It’s suggested in this video by the Zionist-critical group The Shondes, whose lead singer and guitarist is one Rabbi Louisa Solomon. My point is the way it touches all the woke bases, besides the defiant dig at the Jewish squares in the title (‘Shonde’ means shame in Yiddish). Does this culture have a future? The hippies certainly did. They (we?) were deep on opposing the War in Vietnam (e.g., U.S. imperialism), racism, homophobia, sexism, and Nixon. The sexism part was a little wobbly (“We can share the women, we can share the wine . . . “), but the rest endured, big time.

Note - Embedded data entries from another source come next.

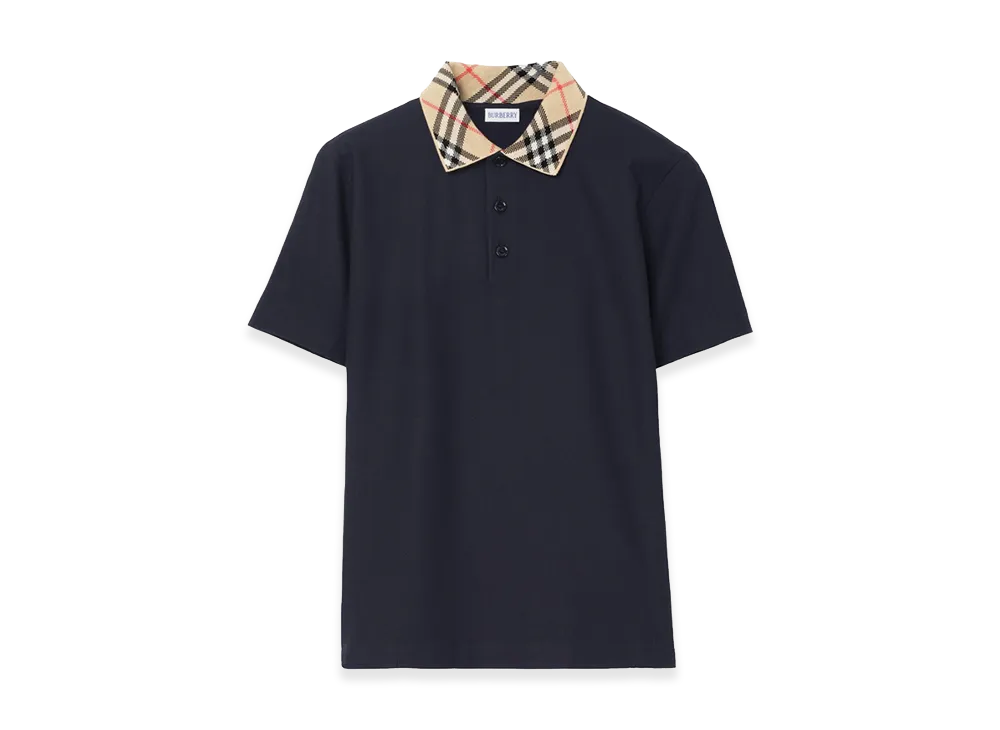 Burberry Polos "Navy"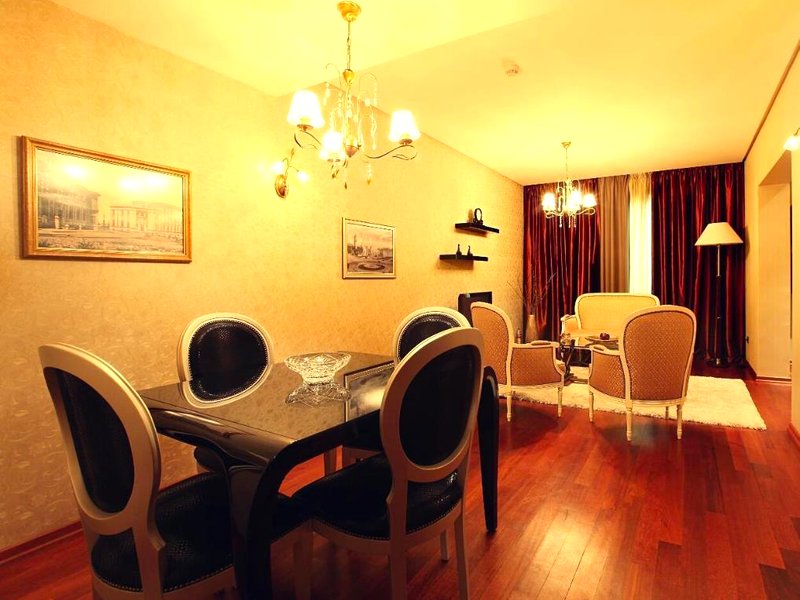 ティラナ インターナショナル ホテル&カンファレンス センター (Tirana International Hotel & Conference Center)の写真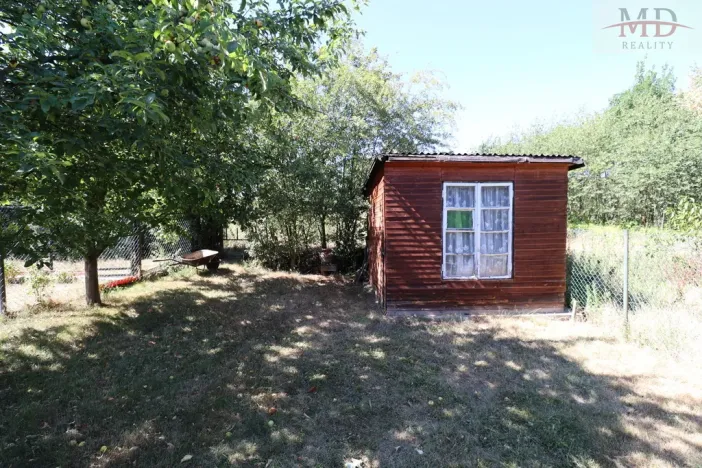 Prodej rodinného domu, Lom, Hornická, 85 m2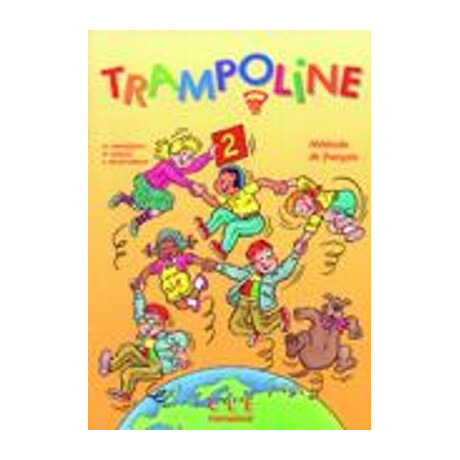 Trampoline 2 Methode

This new culture is strong in the entertainment industry, but it is fighting a bitter, pitched battle in academia, and as noted, in U.S. Jewish institutions. In politics I think it’s possible to admit it has driven the white population, especially the working class, to the right, to the Mango Mussolini. At least for the moment.
That may not be permanent. One of my favorite old stories. When I started at an all-boys college in 1967, in New Brunswick NJ, one of the freshmen was a manifest hippie. We used to call him “The Flit.” Everybody bullied him. I called him “The Flit” (not to his face). (Flit was a bug spray.) My eminent history professor Peter Charanis used to heckle him from the stage during his lectures, in front of two hundred students. There was one other student with long blond hair, but he looked like a cross between the Beatles and the Beach Boys. Nobody bothered him.
Two years later, everybody was The Flit.
As a freshman, I went to an draft-card burning demonstration on campus. Must have been 1967. Some rowdies, from town I think, threw eggs at the speakers. When Cambodia jumped off in 1970, the whole campus was shut down and the main administration building occupied (and ransacked).
Where I used to work in the 90s, I might have looked a little odd because I would dress somewhat formally for work, but I had long hair. I got the feeling the custodial workers, who also could be on the scruffy side, appreciated it. The class connotations of long hair might have reversed. You never hear “Get a haircut” anymore. That used to be tantamount to a threat. Things can change rapidly, and unexpectedly, in either direction.
In your enumeration of hippy (diminutive of Hipster, q.v. "The White Negro" by Norman Mailer et al) attributes that endure, you neglected rampant drug use. I know, I was there. "Dope will get you through times of no money better than money will get you through times of no dope" may no longer have the same purchase when being unhoused is a possible consequence, but "Dope will get you through" is all over the place now.
I recall the split in the 1960's between the political youth and those like me, although I straddled the line a bit, going to marches, in NYC and its surrounds and then from my new home in the Bay Area. Having fun while doing good. Not that any of this is relevant to your comments here, but Lest We Forget etc.
I'm not sure that the yut' have driven the white working class anywhere. The "culture wars" are about racism, masculinism, and ressentiment. The first two have little to do with the Kids These Days. The first is an American soil condition and the second a consequence of mainstream feminism, which has emasculated the economic sphere, leaving little else but guns for white working class men. Ressentiment? Maybe a bit. But ressentiment is the inversion of values of a perceived dominant class (read "Hillary" or "Massachusetts" or--for the craziest--"Jews.") I'm not sure that the white working class perceives the Kids as dominant, although they may not like the way that the dominant classes tolerate the kids.